De plus, une évaluation approfondie de la concentration dans le secteur des services financiers et de son effet sur la concurrence devrait être entreprise. Cette préoccupation est un thème qui est sans cesse revenu au cours de cette révision et d'autres démarches semblables par le passé.
Au début de 1995, l'ACAC a recommandé au gouvernement fédéral de faire une étude approfondie de cette question. À ce moment-là, nous étions convaincus que cette étude garantirait que toutes les décisions futures en matière de politique se prendraient dans l'intérêt bien compris de toutes les parties, et surtout des consommateurs canadiens, et rien n'a amené l'ACAC à changer d'avis.

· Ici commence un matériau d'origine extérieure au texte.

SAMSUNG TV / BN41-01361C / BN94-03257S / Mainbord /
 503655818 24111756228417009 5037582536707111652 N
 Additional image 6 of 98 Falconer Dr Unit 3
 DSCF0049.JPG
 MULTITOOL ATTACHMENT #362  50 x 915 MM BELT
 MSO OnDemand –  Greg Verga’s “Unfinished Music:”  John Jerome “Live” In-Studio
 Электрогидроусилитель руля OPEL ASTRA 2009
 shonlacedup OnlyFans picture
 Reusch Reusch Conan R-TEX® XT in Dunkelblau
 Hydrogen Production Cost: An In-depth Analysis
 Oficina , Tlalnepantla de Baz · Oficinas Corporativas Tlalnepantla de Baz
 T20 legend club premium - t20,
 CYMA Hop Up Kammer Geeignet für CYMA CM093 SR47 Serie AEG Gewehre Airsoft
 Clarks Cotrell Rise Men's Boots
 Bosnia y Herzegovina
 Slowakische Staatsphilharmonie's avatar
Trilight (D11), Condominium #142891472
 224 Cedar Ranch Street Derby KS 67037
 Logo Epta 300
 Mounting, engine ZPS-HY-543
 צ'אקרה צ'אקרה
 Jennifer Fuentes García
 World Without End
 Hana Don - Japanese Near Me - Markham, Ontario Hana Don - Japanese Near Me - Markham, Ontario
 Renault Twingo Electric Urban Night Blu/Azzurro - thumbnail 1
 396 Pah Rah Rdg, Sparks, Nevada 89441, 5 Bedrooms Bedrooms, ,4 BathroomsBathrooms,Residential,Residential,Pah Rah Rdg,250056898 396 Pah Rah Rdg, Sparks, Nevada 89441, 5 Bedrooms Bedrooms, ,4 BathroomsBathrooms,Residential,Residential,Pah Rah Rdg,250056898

En outre, pour le gouvernement, la réglementation des activités et du comportement des conglomérats demeure un défi. Dans l'optique de l'intérêt public, c'est là un domaine qu'il ne faudrait pas négliger. Compte tenu de cette préoccupation exprimée par de nombreux intéressés, nous proposons que le groupe de travail et le gouvernement étudient cette question plus à fond.
Il nous faut acquérir une compréhension plus approfondie des problèmes de la protection des renseignements personnels et des ventes liées avant que nous ne prenions de nouvelles mesures importantes. Comme il y a un rapport entre la protection des renseignements personnels et les ventes liées, on ne saurait étudier les deux questions isolément l'une de l'autre. Le secteur des services financiers est unique, et il faudrait en tenir compte dans l'élaboration de nouvelles lois sur les renseignements personnels et les ventes liées.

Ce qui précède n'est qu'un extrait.